▸ Supplied data:

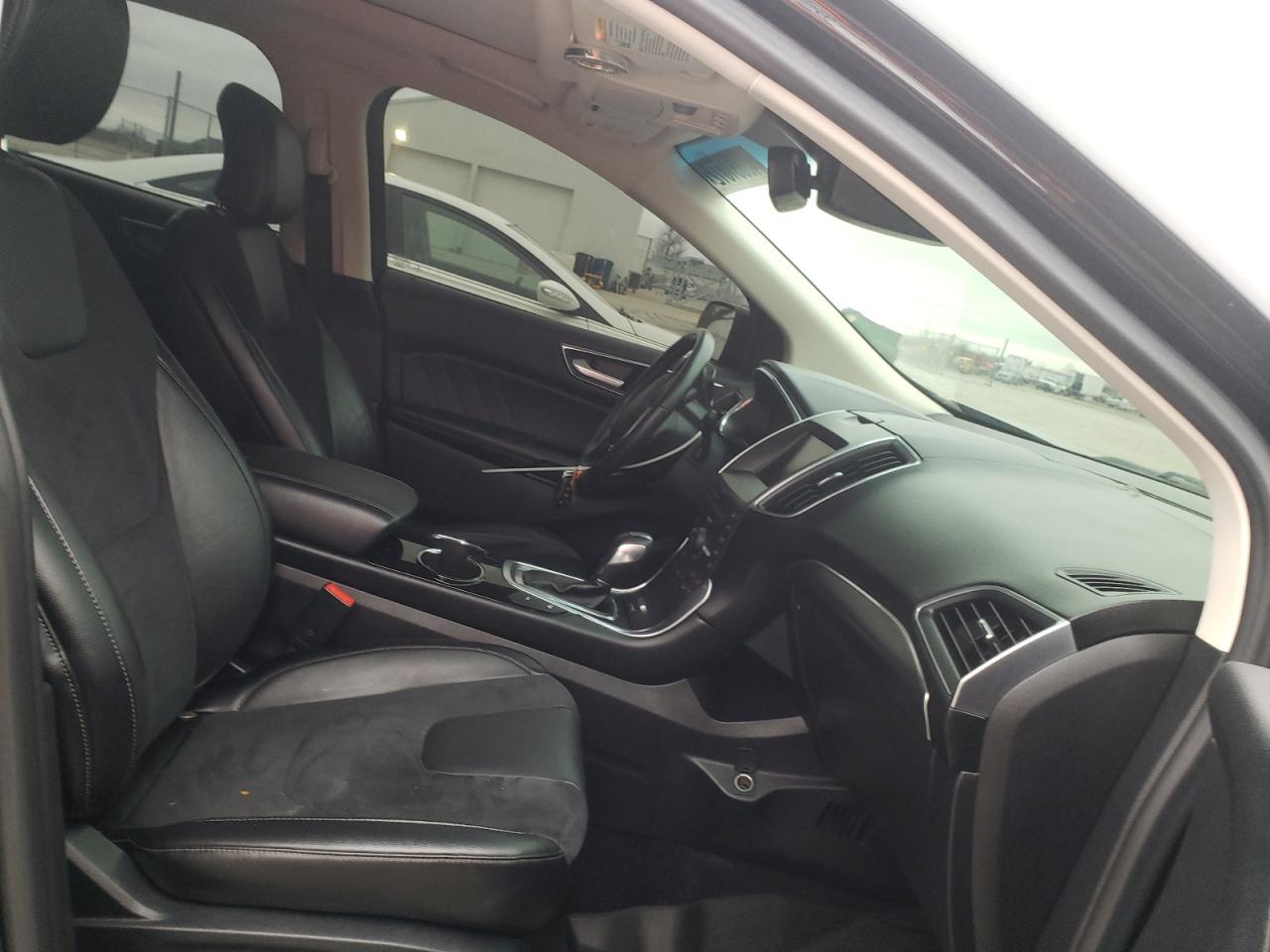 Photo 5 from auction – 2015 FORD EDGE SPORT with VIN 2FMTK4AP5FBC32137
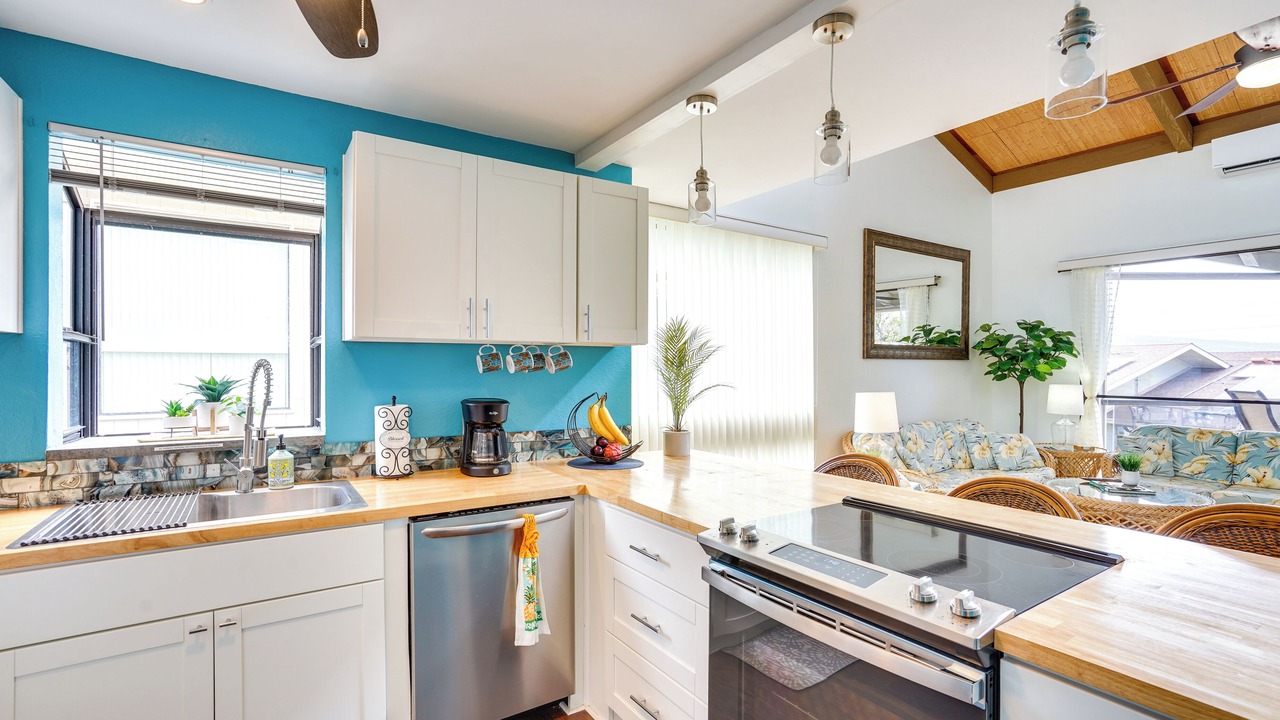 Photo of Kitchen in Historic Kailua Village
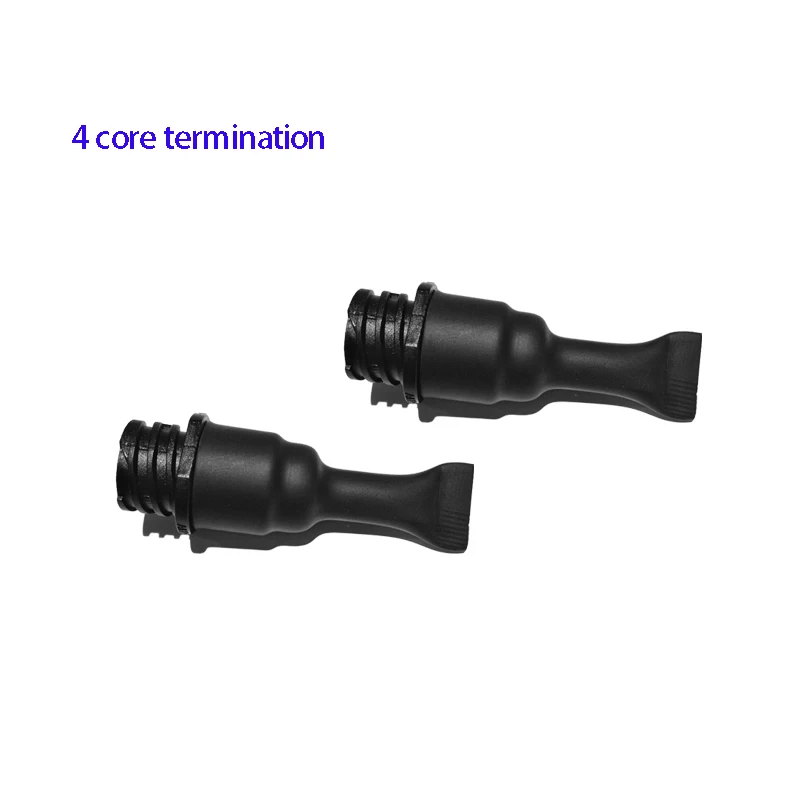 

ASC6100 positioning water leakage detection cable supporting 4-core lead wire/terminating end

▸ Your instructions: When you write out the material, keep every line exact and leave out each picture.

▸ Exercise result:
 Photo 5 from auction – 2015 FORD EDGE SPORT with VIN 2FMTK4AP5FBC32137
 Photo of Kitchen in Historic Kailua Village

ASC6100 positioning water leakage detection cable supporting 4-core lead wire/terminating end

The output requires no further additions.